O que a levou a pesquisar sobre esse tema foi a sua inserção, em 2020, no CAPS Geral IV através de uma extensão do Pasárgada em parceria com o Programa de Educação Tutorial (PET), após isso Camila se apaixonou pelo campo da Saúde Mental e pelas temáticas de luta que o atravessam, como a Reforma Psiquiátrica e a Luta Antimanicomial. Justamente por conta desse projeto, acabou se inserindo no CAPS por meio do Estágio II. A arte, como dispositivo que atravessa a extensão, foi algo que perpassou boa parte das suas práticas em Psicologia. Camila relata também que "Quando submeti meu projeto de mestrado, minha ideia inicial estava ligada aos estudos de imagens, em que eu pretendia analisar, através de oficinas com usuários de um 
CAPS Geral de Fortaleza, o cuidado produzido no encontro entre arte audiovisual e atenção psicossocial. Ao longo do primeiro semestre do mestrado, esse projeto foi mudando, saindo do audiovisual para a fotografia, mas sem nunca sair da questão das imagens e dos seus usos políticos dentro do meu campo de pesquisa. No entanto, ao longo do meu processo na pós-graduação e do meu contato, agora como pesquisadora, com a saúde mental, outras questões foram pedindo passagem e fui sendo chamada para pensar o panorama atual da Reforma Psiquiátrica no Brasil e o lugar da arte em meio a tudo isso. Minha pesquisa nasce então de algo que foi se tornando urgente para mim na medida que fui percebendo as mudanças nas práticas de cuidado em saúde mental, a ambulatorização dos serviços, o desgaste dos profissionais, o incentivo à internação psiquiátrica, entre outras questões. Também veio de um processo de amadurecimento enquanto pesquisadora, assim como de um resgate daquilo que deu sentido para minha prática em psicologia: o cuidado com arte." Ao falar sobre esse processo de amadurecimento, Camila também expõe um ponto muito importante na trajetória de pesquisa que é a possibilidade e a flexibilidade para possíveis mudanças durante os estudos, novas temáticas, novas questões e novas reflexões acerca dos assuntos podem surgir e nem sempre o projeto de pesquisa seguirá uma trajetória linear. 

Sobre a sua experiência na pós-graduação, a pesquisadora garante que está sendo uma experiência muito diferente da graduação, um espaço para desconstrução de muitas coisas, como o "ser" pesquisadora, do fazer pesquisa e de tudo que atravessa essa prática. Esse momento envolve muitas questões, dúvidas e angústias, mas a pesquisadora acredita que tudo isso faz parte do processo. Camila conta que "Quando você entra, você normalmente vem com uma ideia pronta de fazer pesquisa e, muitas vezes, traz conhecimentos fechados na sua cabeça que precisam ser repensados para que sua pesquisa possa fluir e fazer alguma diferença. Se eu pudesse resumir, a pós-graduação tem servido para cutucar, entre outras coisas, o meu ego enquanto sujeito pesquisador. Esse processo de amadurecimento 
e até mesmo de transformação que você passa (se você se permitir) seria um pró dessa experiência. Já um contra, infelizmente, é a situação das bolsas de pesquisa, pois está se empenhando nesse processo sem nenhum tipo de suporte financeiro é desmotivador. Fora isso, vale muito a pena seguir nesse trajeto."

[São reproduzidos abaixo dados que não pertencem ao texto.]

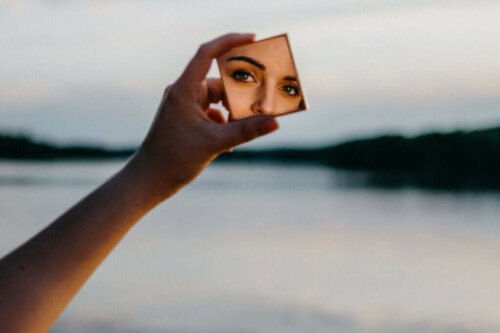 Kvinde ser sig selv i et lille spejl ved sø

Sobre o que poderia ter sido feito de diferente em sua trajetória até o momento, Camila diz que teria se envolvido mais em pesquisa na graduação e, além disso, teria explorado mais a Psicologia ao invés de ficar presa em saberes e formas de fazer ciência específicos. A pesquisadora diz sentir falta de ter tido outras experiências e entrado em contato com outros sentidos e campos dentro da Psicologia. "Mas nunca é tarde para seguir outros caminhos. No fim da minha graduação e agora no mestrado estou me abrindo mais para outras experiências e conhecimentos e isso tem feito toda a diferença na minha trajetória."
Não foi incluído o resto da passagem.